● Work to be completed
Please keep to the lines below from the one with "carpeted bedroom with a textured ceiling" through the one with "Sign in Bangladesh", and restate them word for word, ends included.

● Extracted material
********************

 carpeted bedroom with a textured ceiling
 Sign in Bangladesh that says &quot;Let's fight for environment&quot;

********************

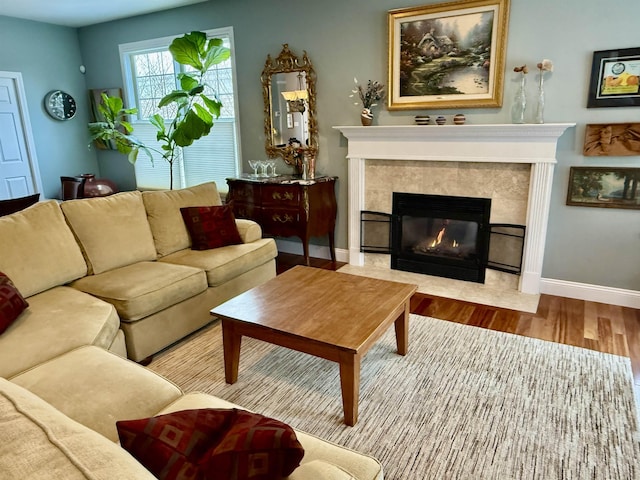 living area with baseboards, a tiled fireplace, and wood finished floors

********************

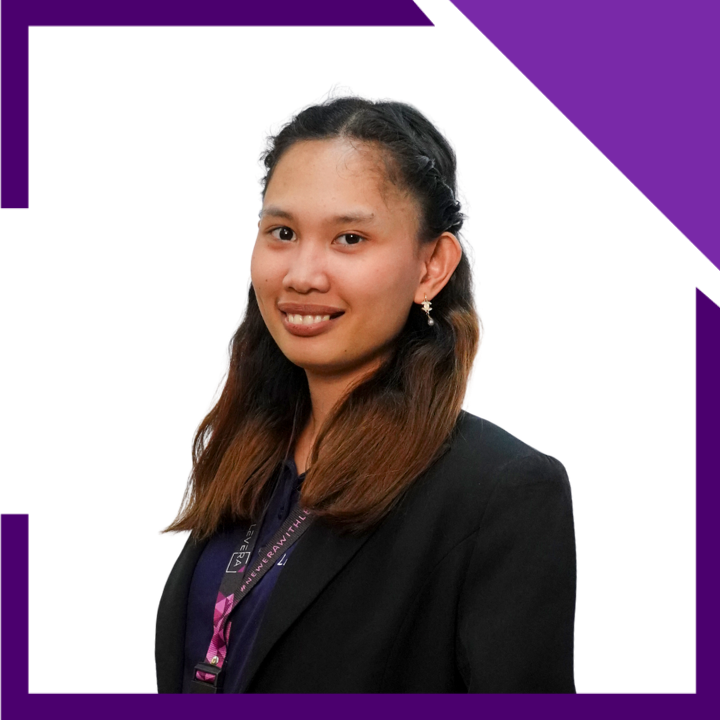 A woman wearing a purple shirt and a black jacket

********************

● Response box
 carpeted bedroom with a textured ceiling
 Sign in Bangladesh that says &quot;Let's fight for environment&quot;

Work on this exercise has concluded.